Yarn 高可用
Yarn 的故障转移有手动故障转移和自动故障转移, 手动故障转移是通过管理员执行 yarn 命令, 自动故障转移依赖于 Zookeeper 实现, 不需要额外的独立运行一个 ZKFC.
自动故障转移官方介绍:
The RMs have an option to embed the Zookeeper-based ActiveStandbyElector to decide which RM should be the Active. When the Active goes down or becomes unresponsive, another RM is automatically elected to be the Active which then takes over.
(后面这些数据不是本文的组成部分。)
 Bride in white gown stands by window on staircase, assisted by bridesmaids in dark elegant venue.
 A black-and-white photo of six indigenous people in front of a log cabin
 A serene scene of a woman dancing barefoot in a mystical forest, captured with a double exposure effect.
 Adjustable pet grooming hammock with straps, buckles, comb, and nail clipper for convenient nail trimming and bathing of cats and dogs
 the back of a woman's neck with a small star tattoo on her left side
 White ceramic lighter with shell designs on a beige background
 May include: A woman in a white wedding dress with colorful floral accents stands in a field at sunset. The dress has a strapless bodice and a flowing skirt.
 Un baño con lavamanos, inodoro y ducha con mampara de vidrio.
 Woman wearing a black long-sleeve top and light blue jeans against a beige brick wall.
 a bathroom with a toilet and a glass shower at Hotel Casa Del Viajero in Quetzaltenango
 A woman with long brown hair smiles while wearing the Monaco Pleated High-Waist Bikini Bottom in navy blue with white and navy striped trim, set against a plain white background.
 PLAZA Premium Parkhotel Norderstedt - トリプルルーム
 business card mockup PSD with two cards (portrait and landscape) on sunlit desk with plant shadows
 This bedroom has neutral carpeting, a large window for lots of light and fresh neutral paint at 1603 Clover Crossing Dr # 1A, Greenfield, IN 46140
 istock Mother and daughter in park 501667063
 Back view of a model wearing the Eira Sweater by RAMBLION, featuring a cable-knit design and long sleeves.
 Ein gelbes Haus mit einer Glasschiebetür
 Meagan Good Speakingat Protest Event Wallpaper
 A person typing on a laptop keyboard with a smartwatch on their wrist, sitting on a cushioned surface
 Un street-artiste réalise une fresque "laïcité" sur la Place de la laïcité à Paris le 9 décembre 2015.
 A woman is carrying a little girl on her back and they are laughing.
Note that, there is no need to run a separate ZKFC daemon as is the case for HDFS because ActiveStandbyElector embedded in RMs acts as a failure detector and a leader elector instead of a separate ZKFC deamon.
yarn-site 配置, 以及具体步骤, 后续补全…
官方文档
RM 重启
RM restart 在 Hadoop 2.4 和 Hadoop 2.6 有两个不同的阶段.
- 2.4 版本, 主要是把 RM 在重启的过程中, 把正在运行的任务通过 store file 将其保存起来, 并在 recovery 过程中把其重新 load , 从而让 RM 重启后恢复之前正在运行的任务.
- 而 2.6 版本在 2.4 版本的基础之上, 主要关注于 RM 运行状态的重新构建:
" Beyond all the groundwork that has been done in Phase 1 to ensure the persistency of application state and reload that state on recovery, Phase 2 primarily focuses on re-constructing the entire running state of YARN cluster, the majority of which is the state of the central scheduler inside RM which keeps track of all containers’ life-cycle, applications’ headroom and resource requests, queues’ resource usage etc. ", 由此可以知道, 在 2.6 版本的 Hadoop 之后, RM 在重启过程中不会杀死任何正在运行的 Application.